I do not know where this is coming from. Note:

  1. Stopping and restarting the jupyter notebook server does not fix the problem. I get exactly the same message BUT a different port number is listed instead.
  2. I used ps to see if I could find something running that might explain this. Nothing I could see.
  3. The smoking gun appears to be the docker container. The rest of this post discusses what I was doing and how I conclude docker is the "smoking gun".

I was running with the new conda package and using the technique I posted in the wiki a couple weeks ago. That is, I was using the container only intending to use it to run MongoDB. The launch line was this:

docker run --env MSPASS_ROLE=db  -p 27017:27017 --mount src=`pwd`,target=/home,type=bind mspass/mspass

It was definitely working to run Mongo as the stuff I was running was using MongoDB and it all worked fine. The problem surfaced only when I tried to use dask. I conclude the docker container is the "smoking gun" for causing this problem because as soon as I stopped the container running I could instantiate an instance of LocalCluster without getting the error shown above.
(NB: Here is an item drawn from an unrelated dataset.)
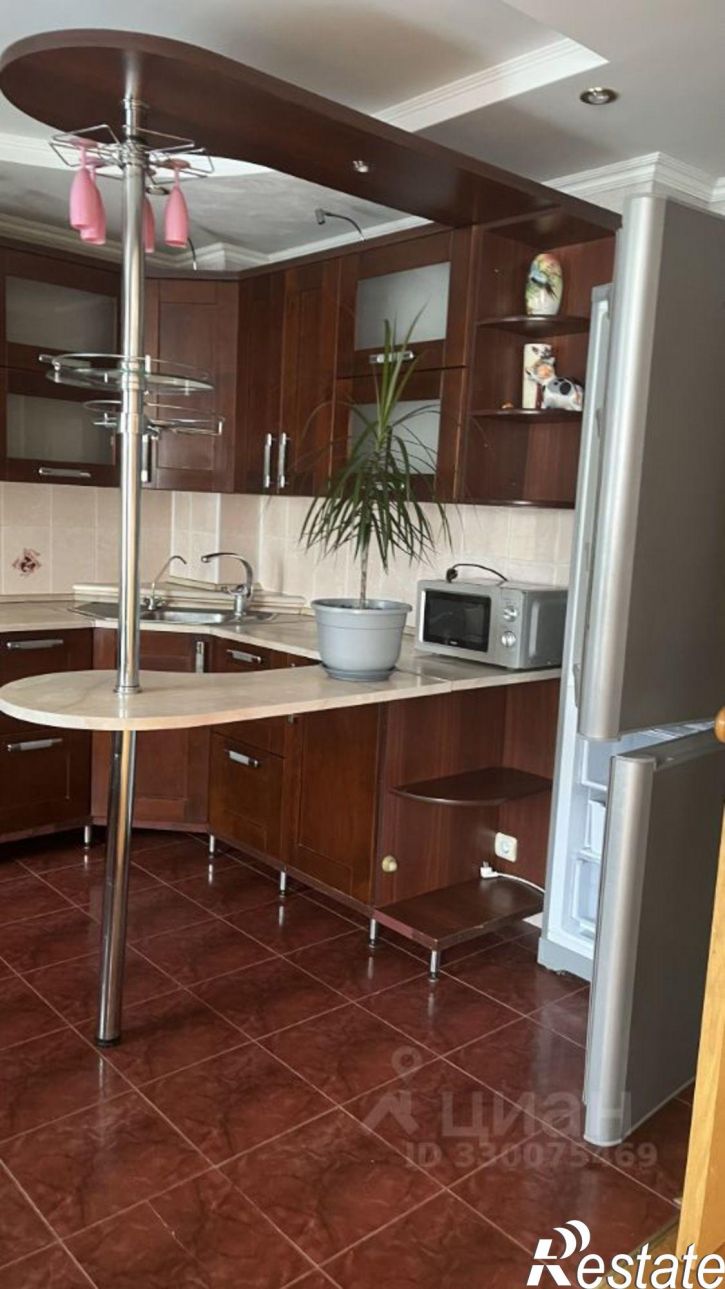 3-комн квартира ул Губкина, 17б,  д. 17б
I looked through the startup script and I cannot see how this is happening. When "MSPASS_ROLE" is set to "db" as above nothing I can see references dask. Hence, it is possible the observation that the gun is smoking doesn't mean the docker container is the killer and this is happening some other way. Do any of you have any idea how I we can sort this out?

wangyinz commented 2 months ago

The only possibility is that you have a dask scheduler running for some reason that you are not aware of. I am pretty sure that the particular mongodb container will not be the issue because it does not map the port 8787 at all. Have you tried the docker ps command to list all currently running containers? Other than that, I can't think of anything else. Well, maybe my question is, have you ever get LocalCluster running without complaining the port being used? If so, how?

pavlis commented 2 months ago

In a meeting a short time ago @wangyinz gave some suggestions that helped solve this problem. The cause and solution are explained well here. The problem that created this was I was using suggestions I found online that were apparently wrong. I did this:

cluster = LocalCluster()
client = Client(cluster)

The second line was what was throwing the error. It appears to not be necessary.

The source referenced above shows what seems to be the right way to handle this. That is, you more or less create the scheduler and worker as a separate process much as we do in the container. Then the processing job just connects to the instance of "LocalCluster" created externally. There seems to be a lot of misinformation on this topic on the web. A lot of it is created, actually, by implicit launches of dask that can occur in some contexts like creating and using a bag.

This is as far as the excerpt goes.